/ Q.A.: Basic Journal-ism: Tips for Electronic Publishers

Article Presentation

The format of articles in JEP has changed with this issue, and the change is generally for the better. The old format, exemplified by A Model for Cost Allocation and Pricing in the Internet, suffered from text overload — that wall-to-wall text effect again — and lack of contrast (black type on gray background). Those problems have been addressed in the new format, with narrower columns and black text on a white background. Even narrower columns and a larger point size would make online reading easier, but those changes would consume much more paper for those who print out articles. One solution would be for JEP to offer an additional version of each article designed to be printed out, like Synapse does.

One area the old format excelled in was the use of references and notes. The references not only provided hyperlinks for online readers but also offered quick reference for those who printed articles and read them offline. That's important, because unless articles include strong interactive or multimedia components, more readers are likely to print out articles and read them on paper than read them on screen. As Jakob Nielsen points out, "Reading from computer screens is about 25% slower than reading from paper," because a computer screen has only about one-tenth the resolution of even an inexpensive inkjet printer — and less than one one-hundredth the resolution of a magazine page.[6]

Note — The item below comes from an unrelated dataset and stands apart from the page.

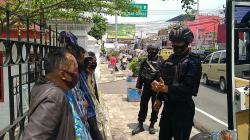 Polda Jabar Kerahkan Personel Brimob Gelar Operasi Yustisi, Disiplinkan Warga Patuhi Prokes<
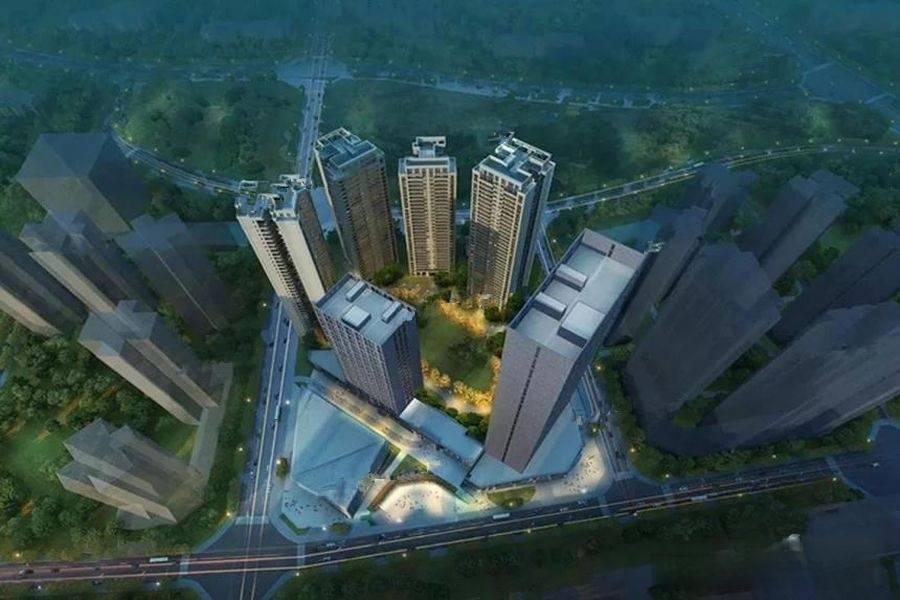 融创玖樾台邸效果图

Another good feature of the old JEP format was the inclusion of an abstract at the top of articles. Abstracts help the visitor decide quickly whether an article is worth reading (or printing for offline reading). The use of subheads in both old and new formats is good. As Nielsen notes, "Skimming instead of reading is a fact of the Web and has been confirmed by countless usability studies." [7] Subheads make such skimming easy, as would the addition of a list of hypertext subheads at the top of each article to help visitors zip right to what they're looking for.

It also would be helpful to include a listing of all links that appear in a piece at the end of each article. Doing so makes it easier for readers to digest the text in one gulp if they are so inclined, then pursue external links later. It's also a courtesy to those who will read the piece offline and want to follow up on one of the hyperlinks without necessarily having to track down the original journal article.